The police were rather more effective at thwarting their efforts than they had been the night before. St John's Road and Lavender Hill in Clapham, where looting had taken place, were cordoned off for more than five hours after the would-be cleaners arrived, while forensic teams gathered evidence. But the crowds waited patiently, raising the brooms in the air, in one of the more inspiring images of the day.

In Croydon, south London, the shock and anger of the Reeves family – whose 19th-century House of Reeves furniture store was razed to the ground – had been replaced by acceptance. "There is no point being angry," said Graham Reeves, co-owner of the gutted business. "Who are you going to be angry at?

"We will pick up the pieces. My father, who is in his 80s, wanted to see if we could carry out our deliveries today. We will see if we can get the van through the police tape and load up to deliver to our customers from what's left. Otherwise, it is just devastation."

Next to the destroyed showroom, a worker at Barkers Pharmacy, which had switched its business to a nearby chemist shop after its premises were damaged, said: "We have to get on with things.
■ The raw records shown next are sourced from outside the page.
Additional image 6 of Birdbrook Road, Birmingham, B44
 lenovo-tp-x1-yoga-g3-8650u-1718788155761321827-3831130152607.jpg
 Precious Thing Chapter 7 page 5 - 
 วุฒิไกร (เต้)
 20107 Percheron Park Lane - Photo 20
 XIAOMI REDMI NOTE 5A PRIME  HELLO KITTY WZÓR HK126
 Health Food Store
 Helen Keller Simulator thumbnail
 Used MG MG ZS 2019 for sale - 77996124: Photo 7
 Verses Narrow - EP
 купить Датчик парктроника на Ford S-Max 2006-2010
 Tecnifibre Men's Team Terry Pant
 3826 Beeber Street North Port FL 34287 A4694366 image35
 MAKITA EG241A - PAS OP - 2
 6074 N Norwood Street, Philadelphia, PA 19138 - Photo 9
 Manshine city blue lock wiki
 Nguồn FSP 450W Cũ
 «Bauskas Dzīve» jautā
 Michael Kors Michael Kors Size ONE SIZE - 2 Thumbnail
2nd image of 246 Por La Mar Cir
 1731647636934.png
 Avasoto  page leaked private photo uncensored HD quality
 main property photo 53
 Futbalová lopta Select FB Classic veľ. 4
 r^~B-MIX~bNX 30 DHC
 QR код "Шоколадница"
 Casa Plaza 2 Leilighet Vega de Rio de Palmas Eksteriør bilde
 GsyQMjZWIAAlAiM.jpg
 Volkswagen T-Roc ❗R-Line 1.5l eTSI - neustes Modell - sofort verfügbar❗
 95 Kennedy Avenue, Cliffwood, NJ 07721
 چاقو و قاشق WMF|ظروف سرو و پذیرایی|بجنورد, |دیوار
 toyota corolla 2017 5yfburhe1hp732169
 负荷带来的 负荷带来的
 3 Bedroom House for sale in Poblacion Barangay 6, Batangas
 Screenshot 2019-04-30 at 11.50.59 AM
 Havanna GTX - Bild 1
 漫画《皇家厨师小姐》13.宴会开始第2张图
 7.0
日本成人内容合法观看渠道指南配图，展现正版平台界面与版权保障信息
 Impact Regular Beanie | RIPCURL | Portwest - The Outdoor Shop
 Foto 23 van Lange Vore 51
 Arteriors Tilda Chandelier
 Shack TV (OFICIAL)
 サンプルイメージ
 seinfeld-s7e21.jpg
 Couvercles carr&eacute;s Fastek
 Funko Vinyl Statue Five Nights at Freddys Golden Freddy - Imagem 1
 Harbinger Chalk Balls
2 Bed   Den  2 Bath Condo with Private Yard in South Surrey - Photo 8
We have a job to do." Residents were quick to point out that it was small, independent businesses rather than chain stores which had been disproportionately targeted.

There remained much anger and upset elsewhere. A 26-year-old man died yesterday from his injuries, the first fatality of the three days of disorder. He was found in a car with a gunshot wound to his head late in the night; his death is being investigated by the Met's Operation Trident unit.

In Ealing, west London, a 67-year-old man was critically ill in hospital last night after suffering life threatening injuries while attempting to extinguish a fire started by rioters in a wheelie bin.

The assembled masses in Clapham had originally been slow to apportion blame, but several were dismayed by how long it had taken police to arrive.

"I didn't see a police officer from eight until gone 11," said Phil Molyneaux, a 31-year-old doctor who watched events from his third-floor flat opposite the now torched party shop. "I called them a couple of times and said: 'There are kids down there making Molotov cocktails,' and they said they were 'aware of the situation.'" When the shop went up in flames he and his neighbours evacuated, and Mr Molyneaux slept on a friend's sofa. Yesterday he went back to "pack up, lock up and leave".

Talk of thousands of extra police on the streets last night reassured some, but there was also considerable nervousness about what to expect. "Maybe I'm the only mad, over-panicking one," said Mr Molyneaux, "but I can't sleep there. Not after I saw the speed at which those flats went up."